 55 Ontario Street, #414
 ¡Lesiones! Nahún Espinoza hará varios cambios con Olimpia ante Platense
★ ★ ★ ★
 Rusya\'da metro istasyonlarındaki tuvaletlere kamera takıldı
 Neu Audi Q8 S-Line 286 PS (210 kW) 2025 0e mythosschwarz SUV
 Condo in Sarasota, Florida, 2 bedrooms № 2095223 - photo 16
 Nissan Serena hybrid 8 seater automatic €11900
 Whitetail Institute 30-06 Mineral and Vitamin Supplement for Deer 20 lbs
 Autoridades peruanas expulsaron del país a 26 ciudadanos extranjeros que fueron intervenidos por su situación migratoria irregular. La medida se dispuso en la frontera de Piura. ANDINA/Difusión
★ ★ ★ ★
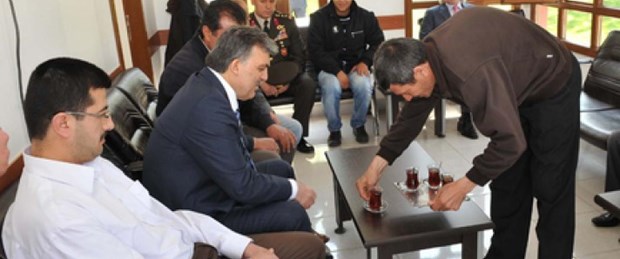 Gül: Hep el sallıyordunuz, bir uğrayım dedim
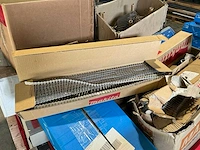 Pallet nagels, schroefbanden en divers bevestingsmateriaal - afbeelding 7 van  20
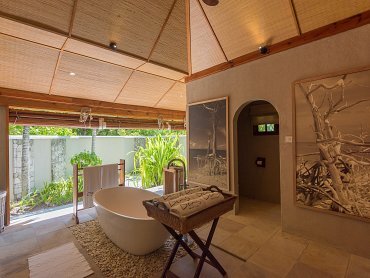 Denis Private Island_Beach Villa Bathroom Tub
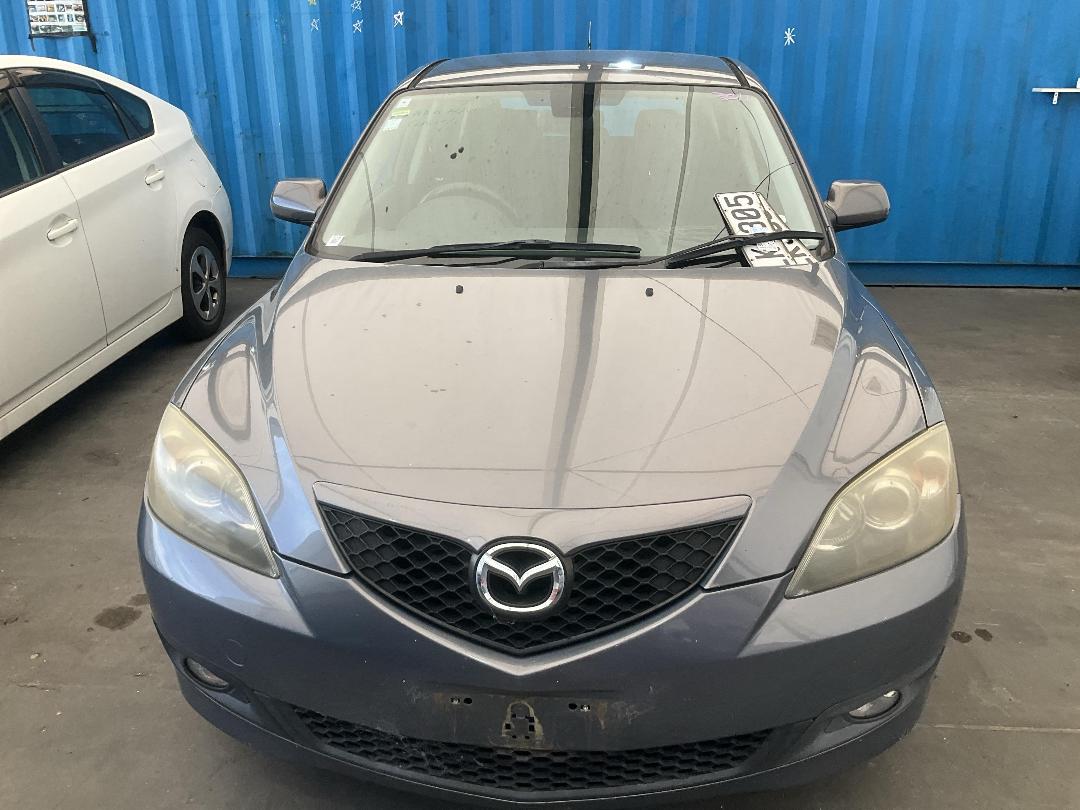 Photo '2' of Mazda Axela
★ ★ ★ ★
§ TASK DESCRIPTION
Given the listing above, repeat exactly the lines starting at the one with "Pallet nagels, schroefbanden" and ending at the one with "Photo '2' of Mazda Axela", inclusive, excluding pictures.

§ RESPONSE AREA
 Pallet nagels, schroefbanden en divers bevestingsmateriaal - afbeelding 7 van  20
 Denis Private Island_Beach Villa Bathroom Tub
 Photo '2' of Mazda Axela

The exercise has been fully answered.